I’ve been thinking a lot about binning most social media platforms given my own seeming addiction to them, and also recent news stories. But then I get cold feet about the idea. Would it be cutting off my nose to spite my face rather than the tech billionaires? I’m the sort of person who overthinks about worrying situations and it takes me a while to get a clear perspective, so I thought I’d share my concerns and show how I’m planning to react to the situation.

So, one of the questions I’ve been asking myself is: what would Cory Doctorow do?

If you don’t know who Cory Doctorow is, he’s a science-fiction writer who lives and breathes technology and seems to have superpowers of insight into what the Big Social Media Billionaires are going to do next to make you feel grumpy for weeks. He writes prolifically. Not only are there dozens of novels and non-fiction books to his name, but I get feeds every day from Pluralistic which is his blog, plus other links.

One of the things Doctorow writes about is the “enshittification” of platforms – which was made the American Dialect Society’s 2023 Word of the Year, that’s how on the button he is. Read or listen to an explanation of the concept here.

What it boils down to is that when it comes to the online behemoths that are Amazon, or Facebook, they are the moon, and we are the moths. Actually, when you get closer, they are just lightbulbs…how disappointing. We thought we were getting a great product or service, very cheap or free, and super convenient, too! But they ended up not being the source of light we believed, and then we were trapped and couldn’t escape. There was nowhere else to go, even if we could tear ourselves away from that damn addicting light. And all our friends are there too. Even the dead ones. Especially the dead ones! If you leave, what happens to all those photos, all those memories…?

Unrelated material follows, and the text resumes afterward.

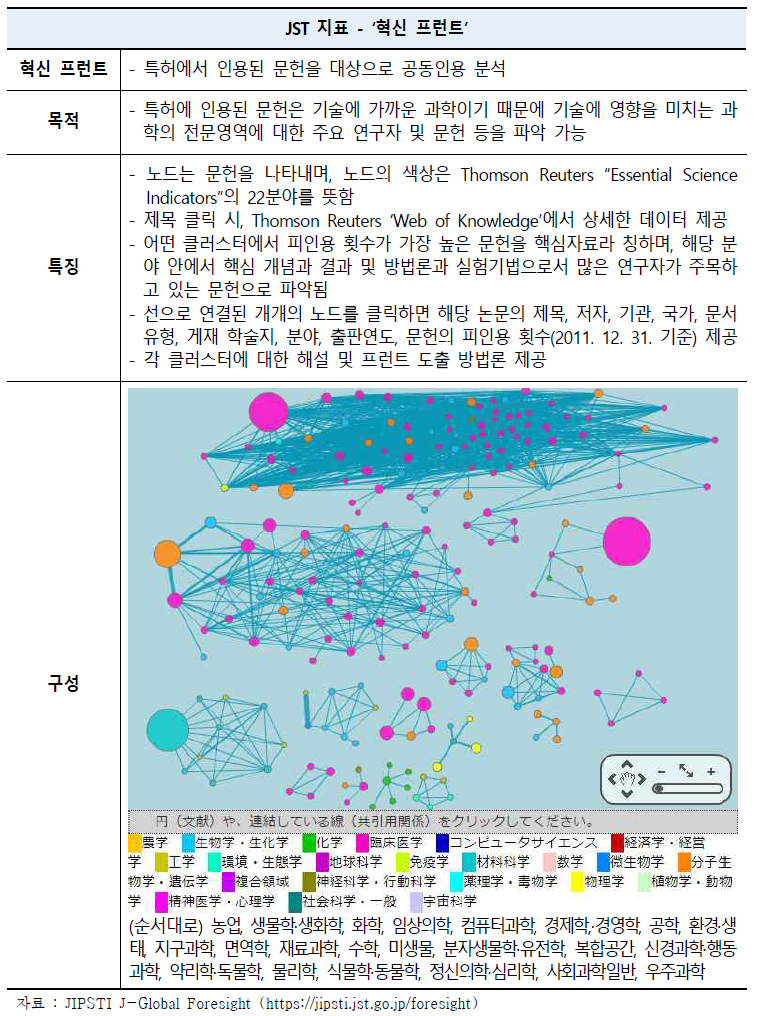 J-Global Foresight - JST지표 중 ‘혁신 프런트’ 제공 내용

Oh, hang on, when you get even closer, the light sources are in fact bug-zappers. Tzzzz, we’re dead and they don’t care. We were being served, but in not the way we thought.

You might be thinking, well that’s an exaggeration. The likes of Amazon may have helped bring about the “death of the high street” but that’s an almost hyperbolic expression used to describe the decline in bricks-and-mortar stores. Wooly and Worth weren’t real creatures, and they didn’t die, let alone any real person, because of something happening online…

Oh.

How’s this for a grim realisation: I I’ve had friends who chose to leave the planet partly due to social media, and yet I’m still there.

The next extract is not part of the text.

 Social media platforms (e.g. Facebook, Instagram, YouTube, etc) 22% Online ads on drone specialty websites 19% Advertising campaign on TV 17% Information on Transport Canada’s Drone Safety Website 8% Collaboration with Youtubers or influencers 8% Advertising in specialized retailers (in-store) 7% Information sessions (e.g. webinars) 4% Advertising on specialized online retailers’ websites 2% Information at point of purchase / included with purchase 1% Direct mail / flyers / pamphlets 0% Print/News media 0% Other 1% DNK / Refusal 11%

That said, I’ve also had friends who were killed by cars, and yet I am happy to be a passenger in a car, or cross a road (heck, believe me, no one wants me to drive). I trust that most drivers will observe the law and obey traffic signs, markings and signals, and that I have my own learning, experience and common sense to be able to make my own commute relatively safe. I trust that there are sufficient laws, infrastructure, enforcement and penalties in place to make most drivers behave sensibly, and I trust that my country’s safety culture is pedestrian-centred. (We don’t have the stupid ‘jaywalking’ laws that exist in those countries that have seemingly also forgotten to add pavements to most roadsides, for example.) Also, I have to accept that if I don’t want to become a hermit, I’m going to have to leave the house and encounter a road. They’re not things that can really be avoided.

Is the same now true of social media?

In the UK, we have recognised that we have been relatively slow at catching up with the growth of online industries and their potential threat to individuals (and society?), but we have made some inroads into regulation. We now have the Online Safety Act in the UK, but some of the policies are so new that we haven’t had time to see how well they will be adhered to, in fact some of the duties are not in effect yet (some will be later this month, or the more vague “spring 2025”). Cynical me thinks the timing of announcements last week by Zuckerberg to remove fact checkers from its platforms would seem to be a direct challenge to this. The BBC has reported that “Meta says it has ‘no immediate plans’ to get rid of its third-party fact checkers in the UK or the EU.” Meanwhile, the i-News reports:

Announcing the plans, Zuckerberg said: “We are going to work with President Trump to push back on governments around the world who are going after American companies and pushing to censor more. “Europe has an ever increasing number of laws institutionalising censorship and making it difficult to build anything innovative there. The only way we can push back on this global trend is with the support of the US government.” The changes will be implemented in the US at first before potentially being rolled out more widely around the world.

i-news

Simply put, Zuck-Face is driving the car, we’re approaching the crossing, and I think he’s going to ignore the red light that allows us to cross safely because his front-seat-passengers are egging him on. But we haven’t got there yet… so what do we do?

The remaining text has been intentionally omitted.